| Brief |
Print the data below verbatim, minus images.
─── Listed entries
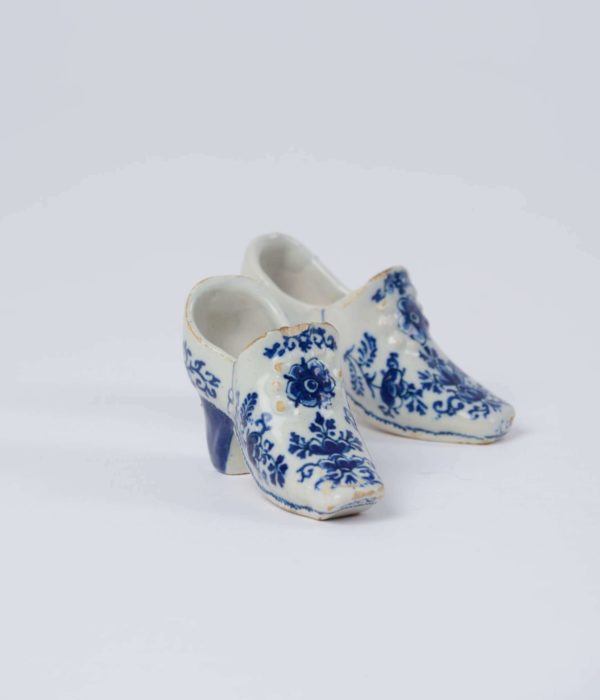 Blue and white models of shoes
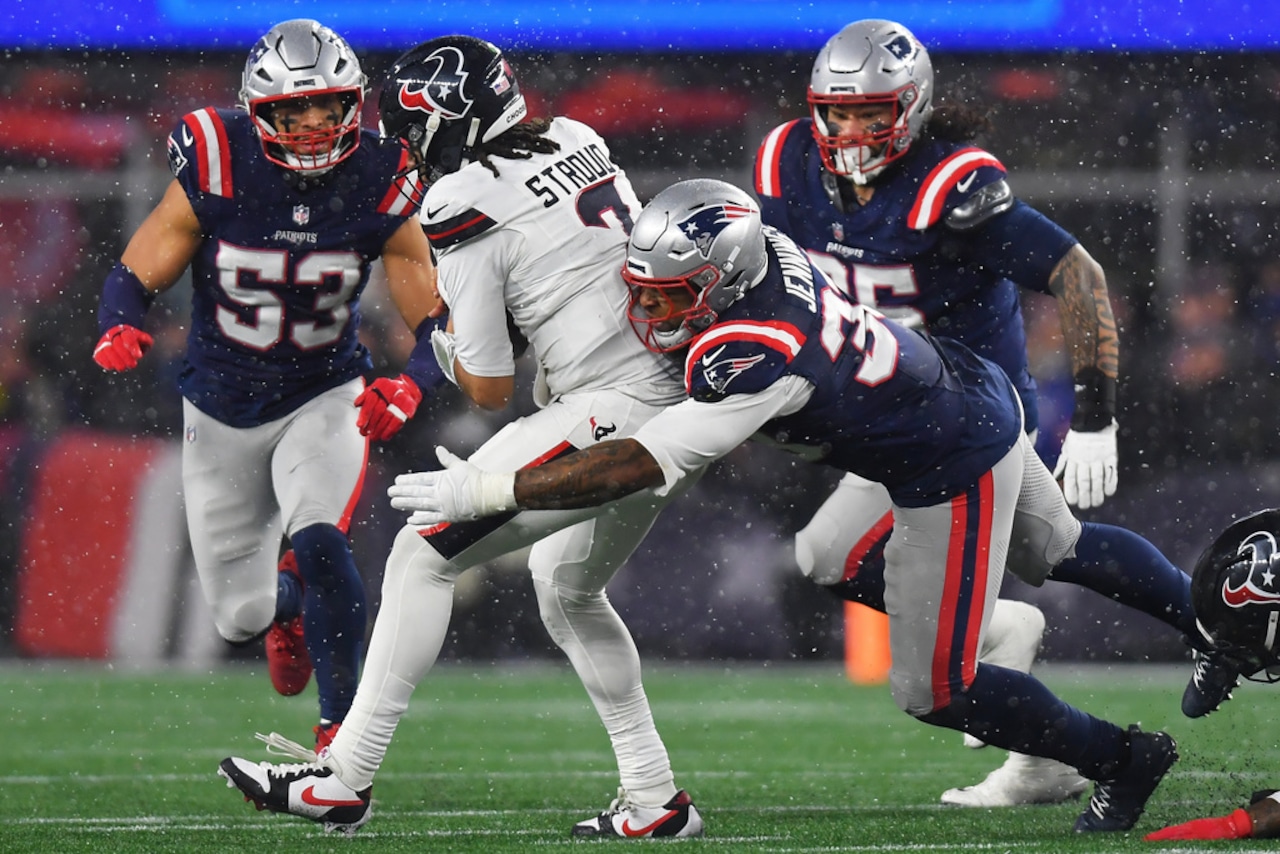 New England Patriots linebacker Anfernee Jennings tackles Houston Texans quarterback C.J. Stroud during an NFL playoff game on Sunday, Jan. 18, 2026, at Gillette Stadium in Foxborough, Mass.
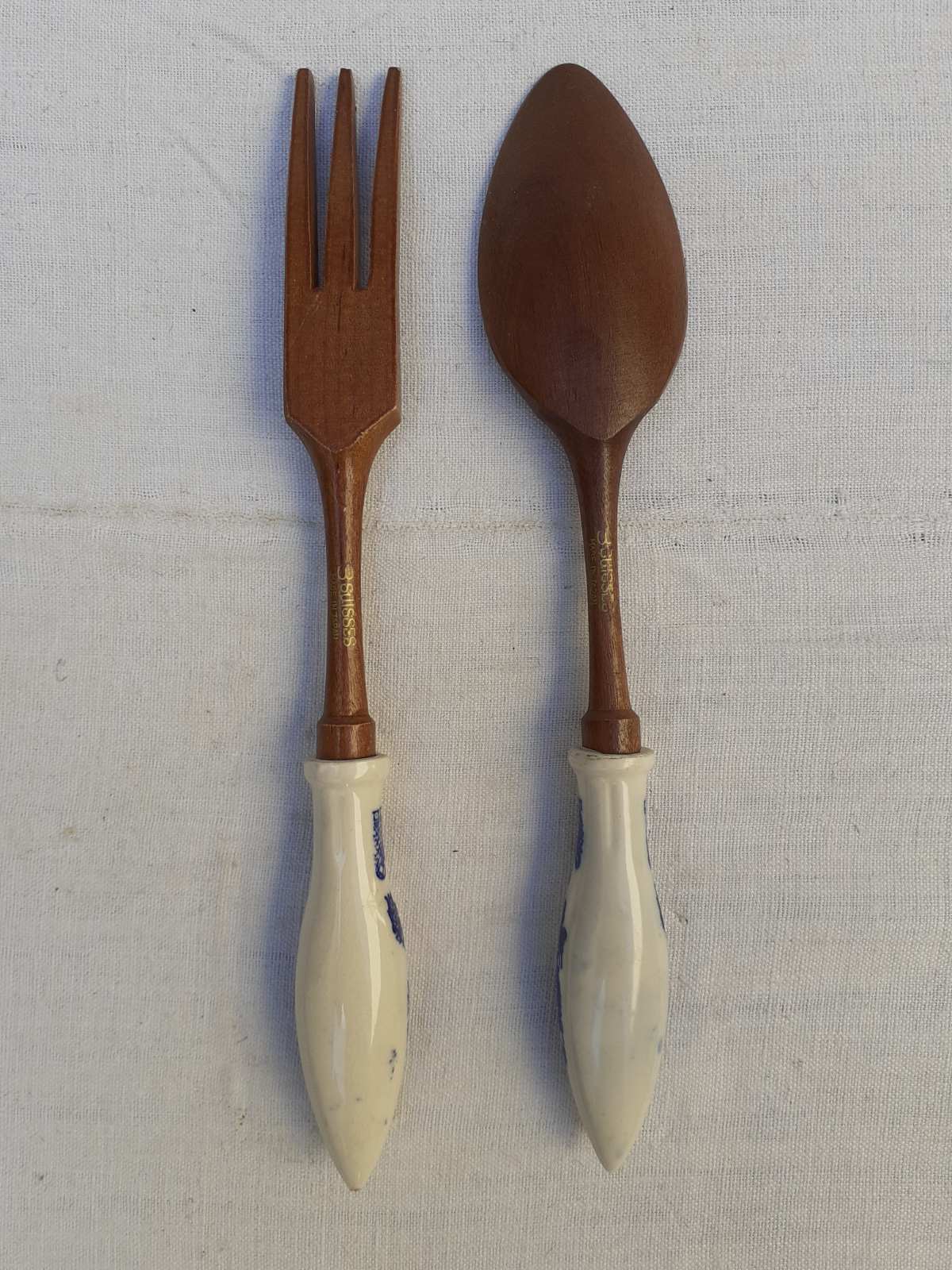 Wooden and porcelain salad covers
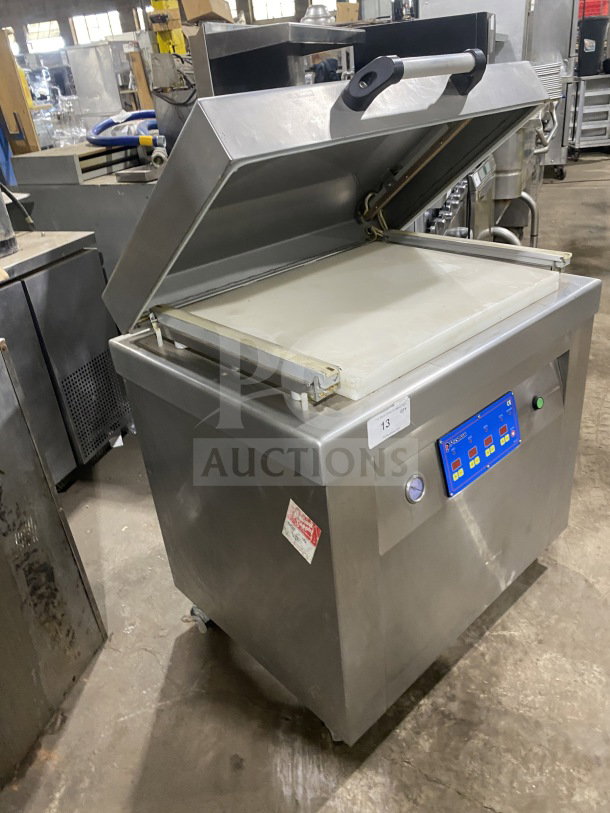 Promax Commercial Stainless Steel Vacuum Tray Sealer with digital controls, single chamber, on casters, used condition.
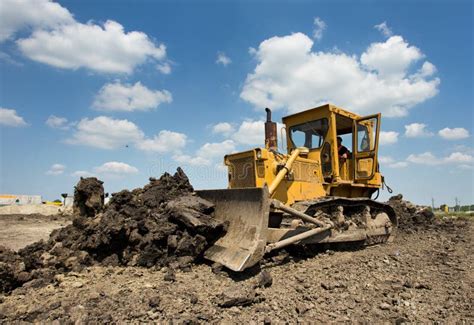 Bulldozer Moving Earth on Sunny Day Stock Image - Image of action ...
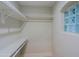 Walk-in closet features include built-in shelving and a glass block window at 18 W Kaler Dr, Phoenix, AZ 85021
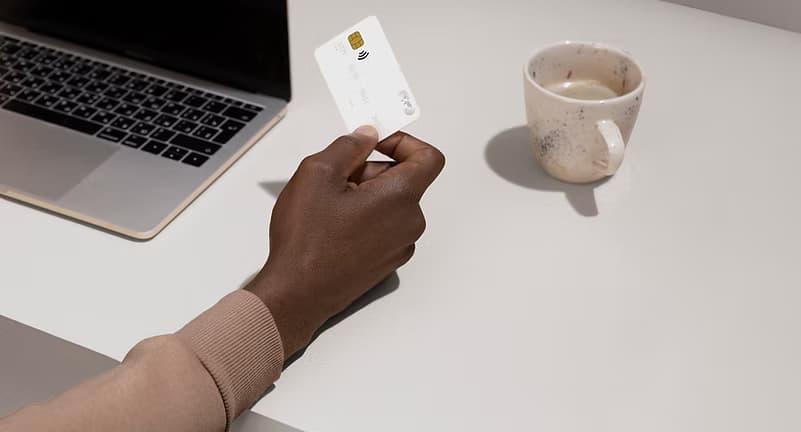 A person holding a payment card beside a laptop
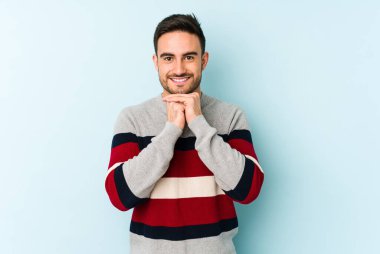 Mavi arka planda izole edilmiş genç beyaz adam ellerini çenesinin altında tutuyor, mutlu bir şekilde yana bakıyor..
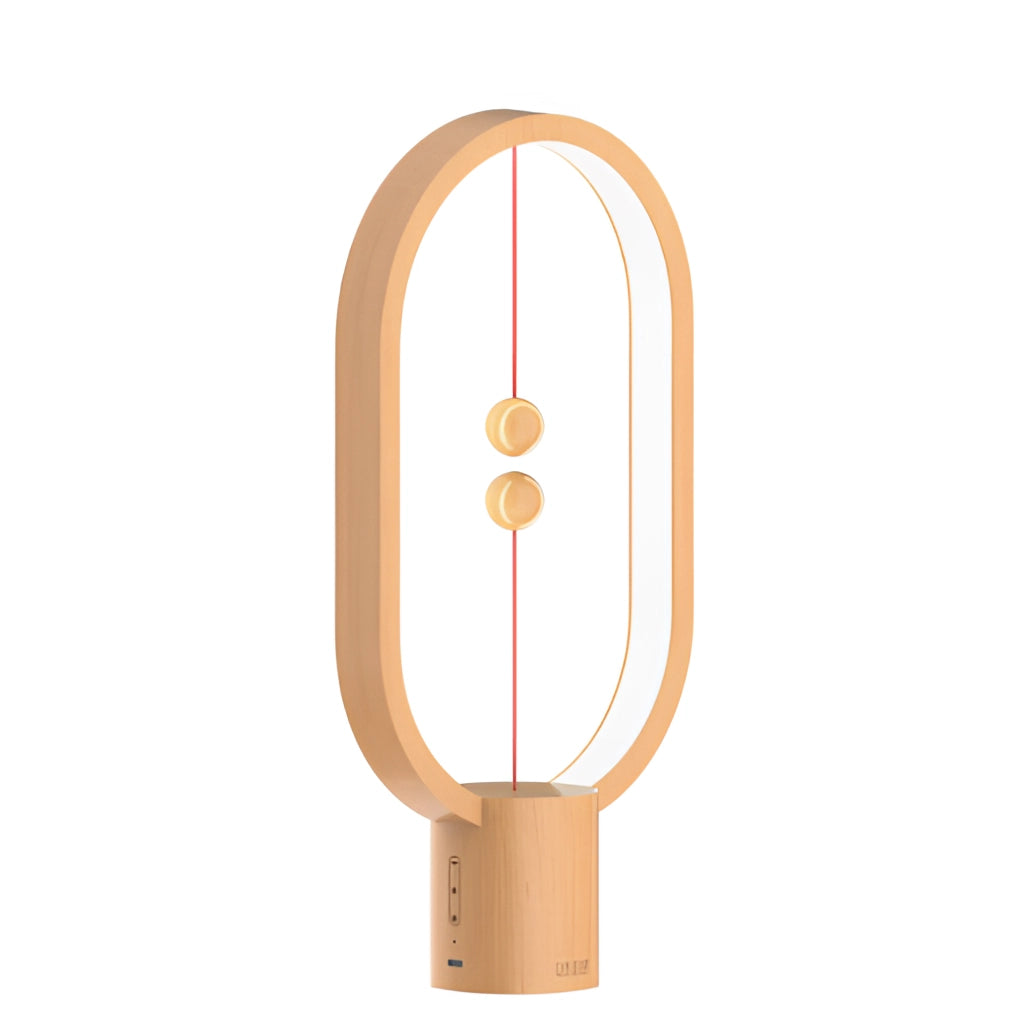 Magnetic Balance Table Lamp with LED lighting, featuring a wooden finish, on a wooden surface.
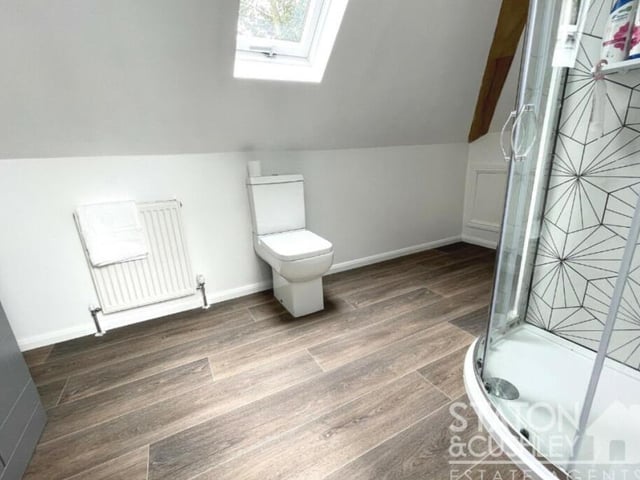 Another of the three en suite bathrooms, attached to the first-floor bedrooms. It boasts a shower cubicle, vanity unit with sink, and low-level WC.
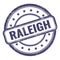 RALEIGH text on indigo blue grungy vintage round stamp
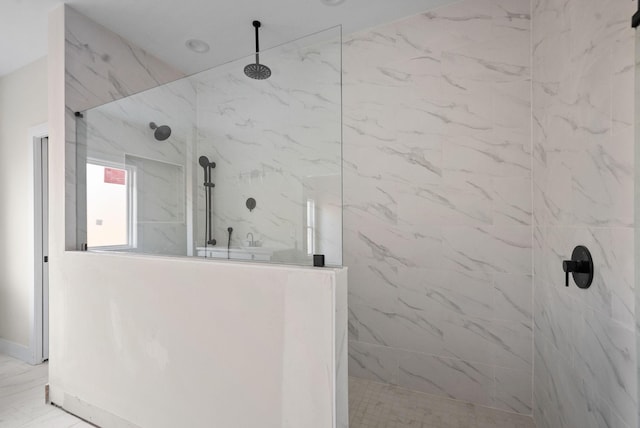 bathroom with a tile shower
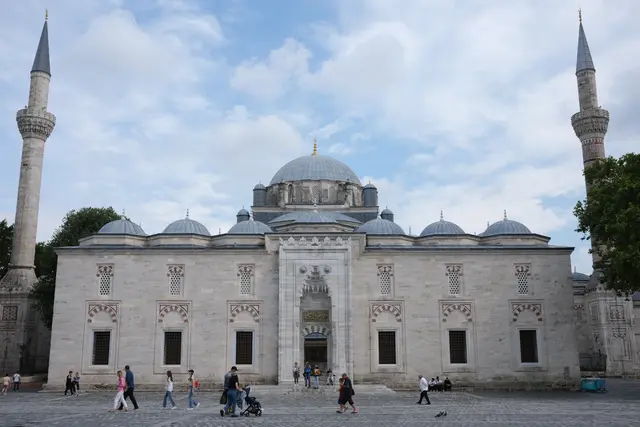 Beyazıt Camii önden; ortada kademelenen kubbeler, iki yanda birer ince minare, altta avlu duvarı ile mermer basamaklar ve meydanda yürüyen insanlar.
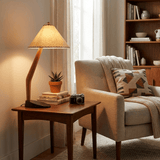 Rustic table lamp lit on a side table beside an armchair and a bookcase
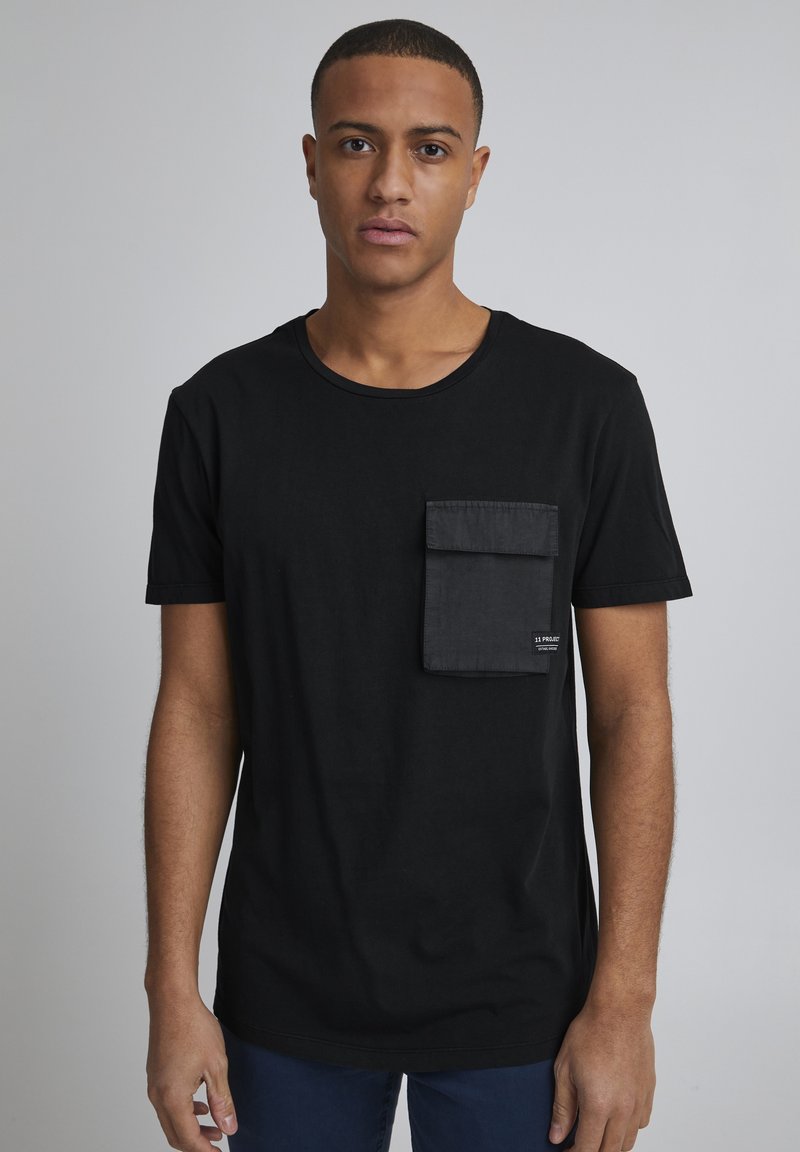 T-shirt en coton noir avec un col rond, des manches courtes et une poche plaquée texturée sur la poitrine gauche. Design simple, sans motifs.
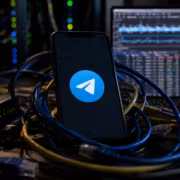 Модель смартфона с логотипом Telegram подключена к кабелям и сетевым устройствам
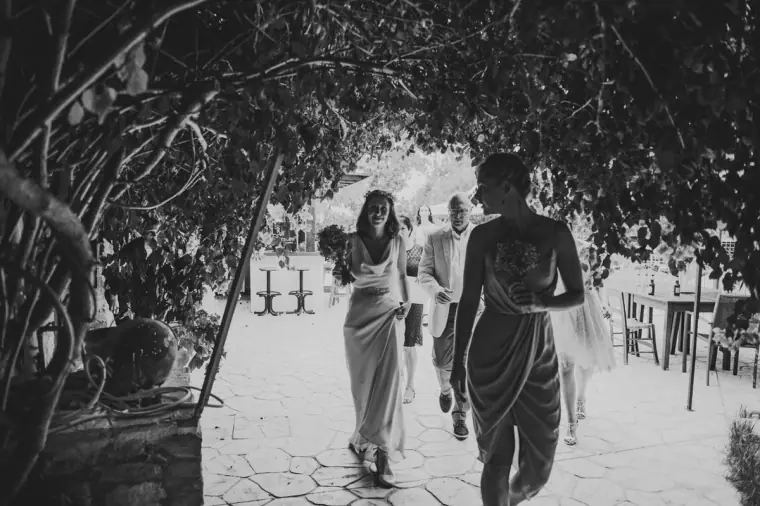 Black-and-white photo of the bride walking with her father beneath a vine canopy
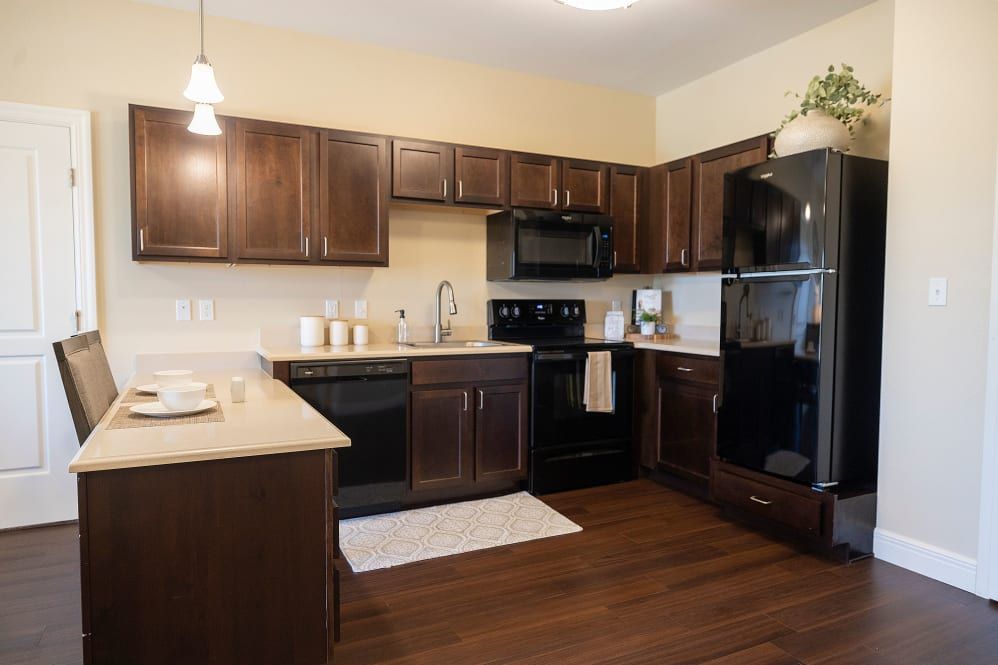 A modern kitchen with dark wooden cabinets, black appliances, and wood flooring.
──────
| Answer space |
 Blue and white models of shoes
 New England Patriots linebacker Anfernee Jennings tackles Houston Texans quarterback C.J. Stroud during an NFL playoff game on Sunday, Jan. 18, 2026, at Gillette Stadium in Foxborough, Mass.
 Wooden and porcelain salad covers
 Promax Commercial Stainless Steel Vacuum Tray Sealer with digital controls, single chamber, on casters, used condition.
 Bulldozer Moving Earth on Sunny Day Stock Image - Image of action ...
 Walk-in closet features include built-in shelving and a glass block window at 18 W Kaler Dr, Phoenix, AZ 85021
 A person holding a payment card beside a laptop
 Mavi arka planda izole edilmiş genç beyaz adam ellerini çenesinin altında tutuyor, mutlu bir şekilde yana bakıyor..
 Magnetic Balance Table Lamp with LED lighting, featuring a wooden finish, on a wooden surface.
 Another of the three en suite bathrooms, attached to the first-floor bedrooms. It boasts a shower cubicle, vanity unit with sink, and low-level WC.
 RALEIGH text on indigo blue grungy vintage round stamp
 bathroom with a tile shower
 Beyazıt Camii önden; ortada kademelenen kubbeler, iki yanda birer ince minare, altta avlu duvarı ile mermer basamaklar ve meydanda yürüyen insanlar.
 Rustic table lamp lit on a side table beside an armchair and a bookcase
 T-shirt en coton noir avec un col rond, des manches courtes et une poche plaquée texturée sur la poitrine gauche. Design simple, sans motifs.
 Модель смартфона с логотипом Telegram подключена к кабелям и сетевым устройствам
 Black-and-white photo of the bride walking with her father beneath a vine canopy
 A modern kitchen with dark wooden cabinets, black appliances, and wood flooring.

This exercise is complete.